Terceiro, um elemento de cunho sociológico ou estrutural: as sociedades que se modernizam e urbanizam tendem à diversidade e isso vale também para a representação política. Goiás tem se modernizado sobremaneira, com grande percentual de sua população já vivendo em cidades grandes, movimentadas e articuladas a circuitos econômicos e culturais de natureza nacional ou global. Isso pode ser visto em vários indicadores.

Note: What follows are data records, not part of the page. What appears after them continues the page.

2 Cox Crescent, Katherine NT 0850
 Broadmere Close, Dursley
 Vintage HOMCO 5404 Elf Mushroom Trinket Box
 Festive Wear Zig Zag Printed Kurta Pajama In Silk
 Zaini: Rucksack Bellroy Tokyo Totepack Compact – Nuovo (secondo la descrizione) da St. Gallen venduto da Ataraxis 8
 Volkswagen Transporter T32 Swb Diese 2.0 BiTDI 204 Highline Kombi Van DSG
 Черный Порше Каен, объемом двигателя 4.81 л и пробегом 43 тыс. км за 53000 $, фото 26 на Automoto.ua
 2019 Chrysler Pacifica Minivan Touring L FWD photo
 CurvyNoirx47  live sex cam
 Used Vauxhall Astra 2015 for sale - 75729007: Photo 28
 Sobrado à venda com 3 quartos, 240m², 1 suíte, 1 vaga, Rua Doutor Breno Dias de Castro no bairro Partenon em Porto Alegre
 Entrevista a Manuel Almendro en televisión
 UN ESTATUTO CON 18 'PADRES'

Tudo leva a crer que aquele padrão bipartidário da representação partidária em Goiás é que permanece defasado, lento na mudança e incapaz de refletir a diversificação, como ocorre em outros Estados. <TB>Isso nos conduz a buscar fatores da própria instância política. 
 
Um quarto aspecto, então, eu procuro pensar através de um paradoxo singular: o nosso sistema eleitoral com dois turnos, que deveria favorecer à expressão partidária da pluralidade social, coexiste com um tipo de pragmatismo das nossas elites tradicionais que continua forte para impedir a renovação e a abertura, sempre impondo a lógica da política de se contra ou a favor, situação ou oposição. Temos então esquemas difíceis de serem superados, pois dependem de cooptação, negociata por cargos, emperramento os debates públicos, corrupção, autoritarismo, patrimonialismo.